When he came back into the room, he opened
the doctor's black bag and removed the knife. He knew he had very little time
before someone reacted to Kraskin's gunshot, but he worked calmly.

He moved back to Kraskin's body and
unbuttoned the man's trousers. He removed the flaccid penis. The knife flashed
and the organ was severed in a gorge of blood. The man stuffed the severed lump
of flesh deep into Kraskin's gaping mouth. He wiped the blade on Kraskin's
tunic and replaced the knife in the doctor's bag.

He could hear the noises in the hallway now,
fists starting to pound the door, but already he was moving toward the window
and the fire escape.

Helsinki. October 26th That evening two
men sat down to a late dinner at Helsinki's Savoy Restaurant, a favorite haunt
of embassy staff and foreign diplomats. The tables in the eighth-floor gourmet
restaurant overlooking the Esplanadi were spaced generously enough apart for
conversations to be conducted in private.

Doug Canning's title at the American
Embassy was Political Counselor but his real function was as a CIA senior
officer.

Canning had made the initial report on
Anna Khorev and the incident at the border crossing to the American Ambassador,
and once a joint decision had been made to call in more expert help to
interrogate and assess the woman, Jake Massey, a senior Soviet expert and the
head of the CIA's Soviet Operations office based in Munich, had been put on a
plane for Helsinki that same night. After Massey had delivered his assessment,
he got a phone call to join Canning for dinner to discuss the matter.

Doug Canning was a tall, lean Texan with
blond thinning hair and tanned good looks. He had Southern charm in abundance
and wielded considerable influence with the US Ambassador.

It was the Ambassador who would
ultimately decide Anna Khorev's suitability for political asylum. Relations
between the Soviets and Americans were at their lowest in years, and those who
escaped over the border were often considered more a headache than a help.
Massey knew Anna Khorev was a problem the American Embassy would rather not
have to deal with and that her worries were far from over.

Canning had ordered a bottle of Bordeaux
and the house specialty, Vorschmack, for both of them, and when he had sipped
his wine appreciatively he smiled across the table.

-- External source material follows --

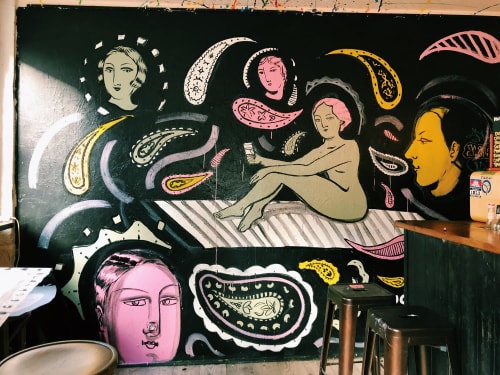 Proibido Mural | Murals by Sofia Enriquez | Le Proibido in Paris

"it sounds from the report as though
the girl had a pretty rough time. But is she telling you anything we could find
useful, Jake?"

Massey had hardly touched his food, and
now he shook his head.

"There's nothing much she can tell
us. It's been eight years since she was discharged from the Red Army. So any
background information in that regard would be pretty much out of date by
now."

Canning looked out toward Helsinki's
massive illuminated Dome Cathedral in the distance, then back again. "So I
guess she's really no use to us?"

Massey knew it was a crucial question but
he replied honestly. "I guess not. But there are other circumstances to
consider here, Doug."

"Such as?"

"What the girl's been through. She's
taken a hell of a beating in the last six months."

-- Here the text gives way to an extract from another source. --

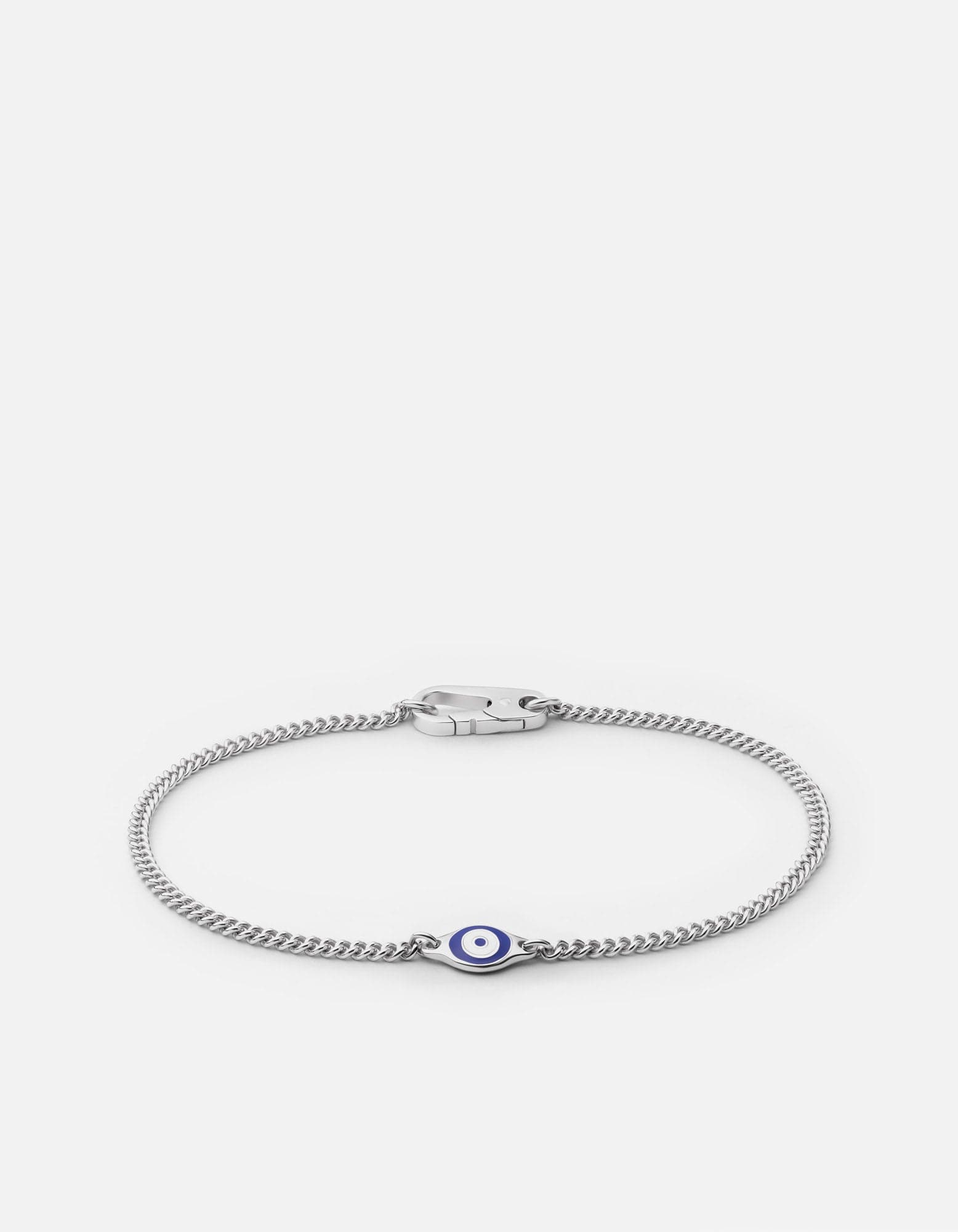Single Blue Eye Bracelet - Sterling Silver Protection Jewelry for Women & Men | Perfect for Everyday Wear, Gifts & Spiritual Healing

"And you think she's telling you the
truth?"

"Yes, I do. I think her story's
genuine. Whether or not she can help us with intelligence information, on
humane grounds alone I think she has a case."

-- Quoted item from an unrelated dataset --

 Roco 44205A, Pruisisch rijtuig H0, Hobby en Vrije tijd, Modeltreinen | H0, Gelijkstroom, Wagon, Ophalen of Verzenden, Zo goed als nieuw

Canning hesitated, then wiped his mouth
with his napkin and sat forward. "Jake, let me give it to you straight.
Some pretty strong noises are being made at the highest levels. It seems Moscow
has got a bee up their ass on this one. Like it's a matter of principle they
get her returned. They say she's a common criminal and in order not to further
damage the already delicate relationship between our two countries, we ought to
send her back over the border." He smiled. "Now you and I know that's
a load of reindeer shit but I want you to be aware of the fact that they don't
like the idea of us helping the little lady one little bit."